There are a whole bunch of things on my 101 in 1001 list that ought to be really easy (and ought to be done by now), but which are still underway after multiple false starts: “Follow a workout schedule (gym or home) for a month”, “Restart my Zen practice”, “One week. No pop.”, “Eat homemade lunches at work for a week”, “Take a multivitamin every day for a month”, “Floss every day for a month”, “Cook dinner every night for two weeks”, “No clothes on the bedroom floor for two weeks”. There’s more, but you get the idea.
The reason that I have to add simple things like that to my 101 list — and the reason I haven’t checked them off yet — is that I’m way too resistant to routine for my own good. For example, a couple days per week I’ll get annoyed and/or end up running late in the morning because I can’t decide what to wear, or something I planned on wearing needs ironing or is in the laundry. Yet do I take ten minutes to plan the night before what I’m going to wear the next day? No. Sometimes I even think of doing it, but I still don’t.
Somehow I’ve got this idea that having routines like those mean giving up some sort of freedom. I need to disabuse myself of that idea. The freedom isn’t in abandoning routines outright and hoping everything will work out at the last minute — it’s in actively choosing when breaking the routine is right, and choosing to follow it otherwise.

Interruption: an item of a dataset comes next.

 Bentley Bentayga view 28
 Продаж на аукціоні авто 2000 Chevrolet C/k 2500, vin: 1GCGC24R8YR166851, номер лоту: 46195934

When I listed “restart my Zen practice” in my list of 101 things, I meant that I need to get back in touch with the Zen centre and start doing regular zazen again. But like I mentioned before, zazen is only one of the things in the eightfold path. Mindfulness, effort, and intention are just as important, and paying attention to these trivial things I always put off seems like as good a mindfulness and effort practice as anything.
If Zen is about one thing, it’s about attention. Doing the same things daily, when those things need to be done, doesn’t have to be about mindless repetition. With attention, it can be an exercise in mindfulness, experiencing the moment.
We’ll see how that goes.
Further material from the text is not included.